» **EXERCISE OBJECTIVE**:
Nothing but the lines from the one containing "Relaxed Regular Wide Leg Jeans" through the end of the data below should appear in the answer, each exact and free of pictures.

» **GIVEN MATERIAL**:
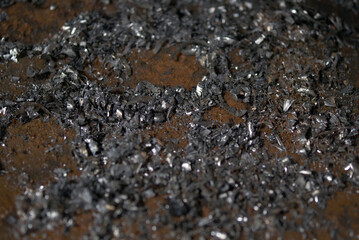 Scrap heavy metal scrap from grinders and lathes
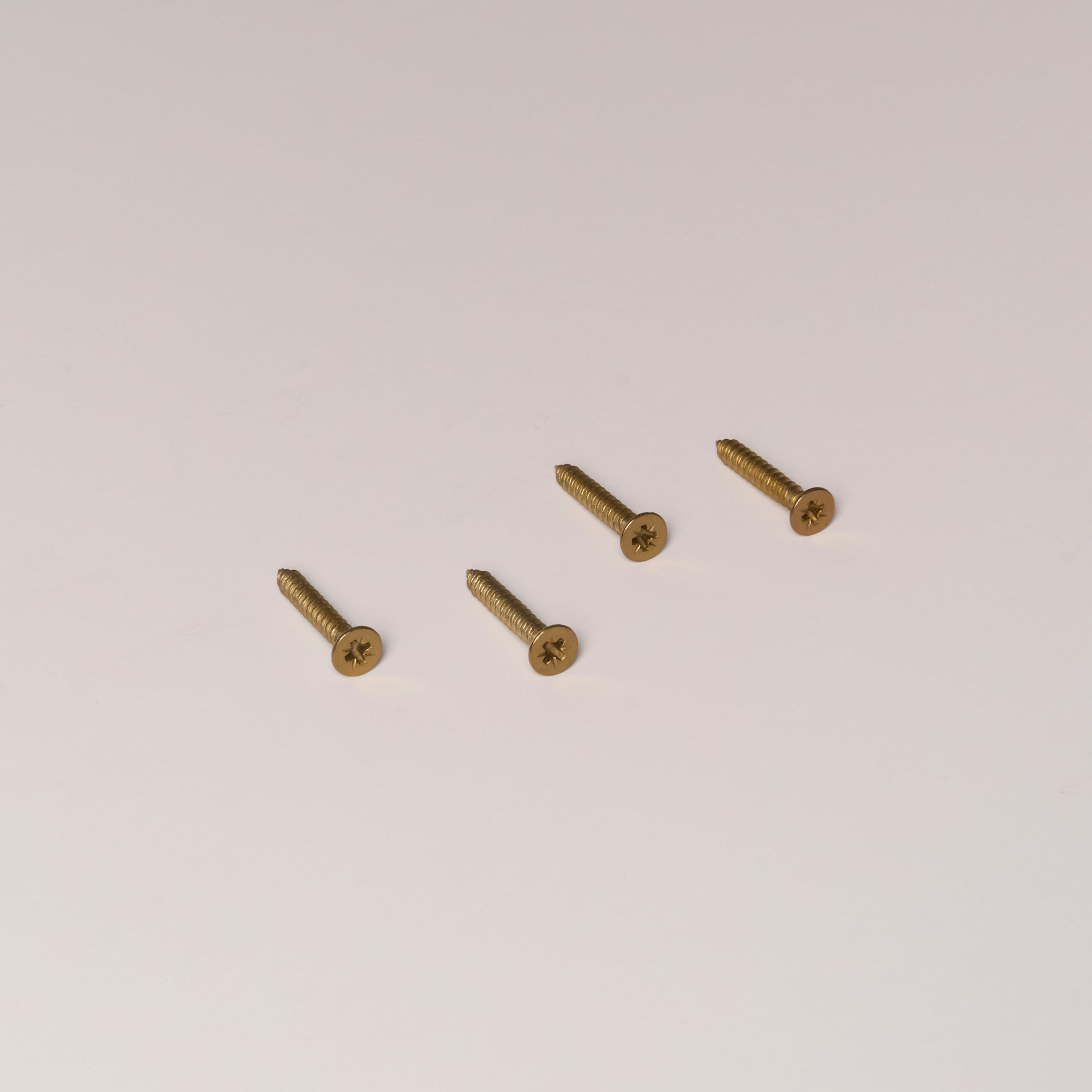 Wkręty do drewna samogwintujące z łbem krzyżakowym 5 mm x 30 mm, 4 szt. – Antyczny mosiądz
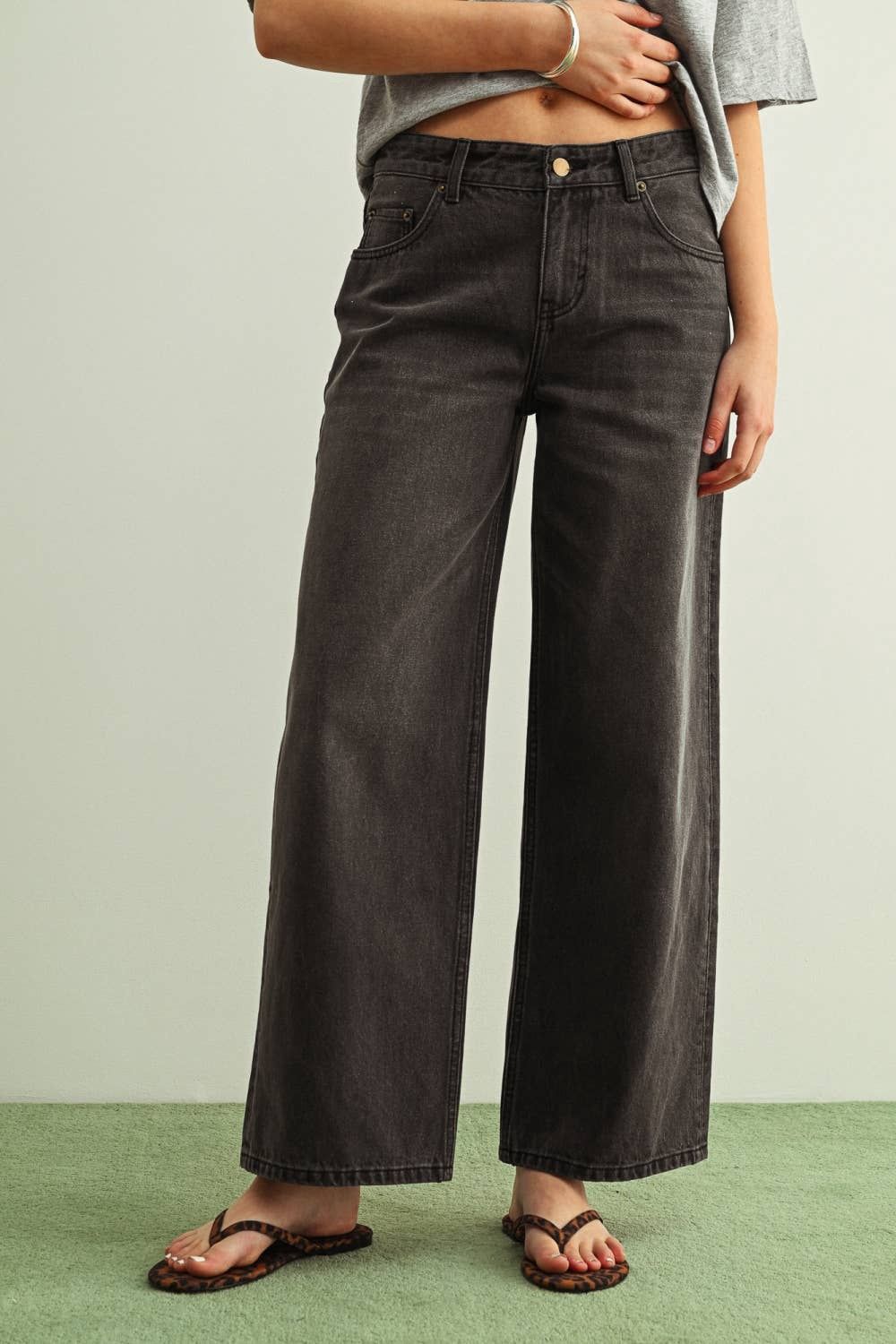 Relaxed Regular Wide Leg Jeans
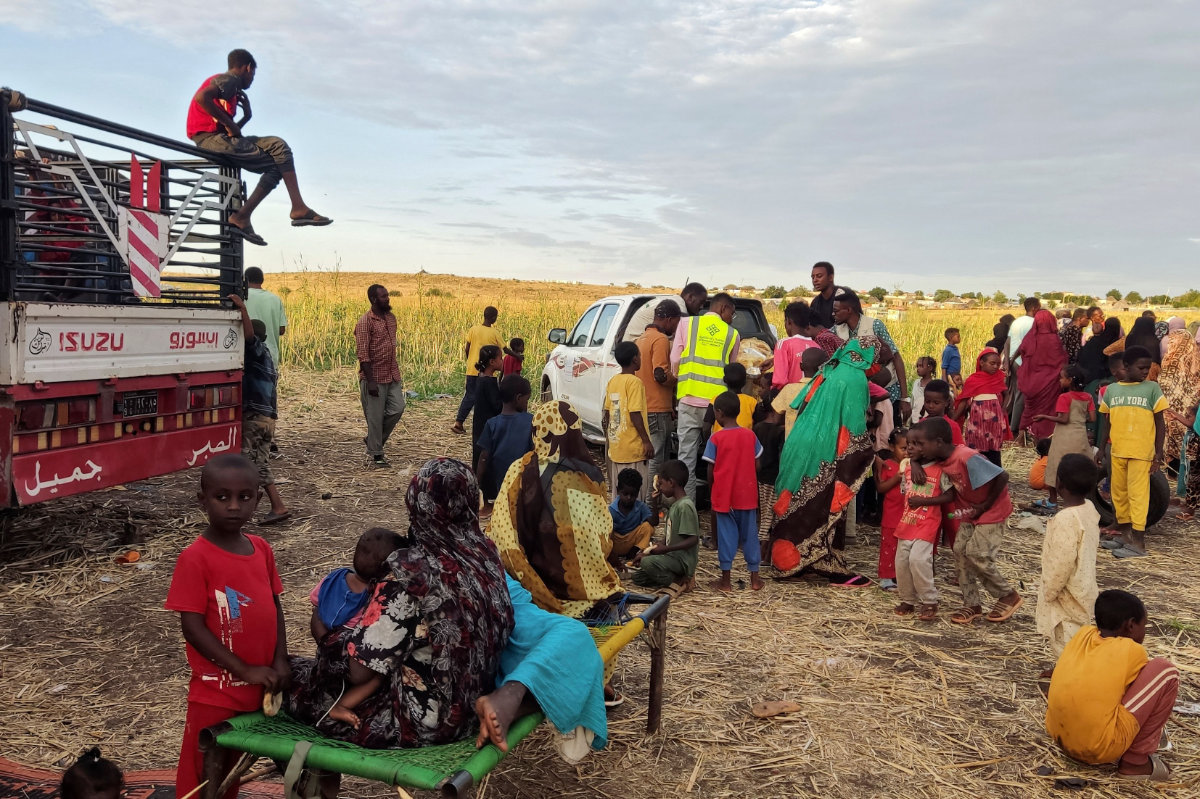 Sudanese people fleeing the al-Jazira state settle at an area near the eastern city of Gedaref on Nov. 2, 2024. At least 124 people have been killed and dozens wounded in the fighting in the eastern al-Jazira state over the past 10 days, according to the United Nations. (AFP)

» **TASK RESPONSE**:
 Relaxed Regular Wide Leg Jeans
 Sudanese people fleeing the al-Jazira state settle at an area near the eastern city of Gedaref on Nov. 2, 2024. At least 124 people have been killed and dozens wounded in the fighting in the eastern al-Jazira state over the past 10 days, according to the United Nations. (AFP)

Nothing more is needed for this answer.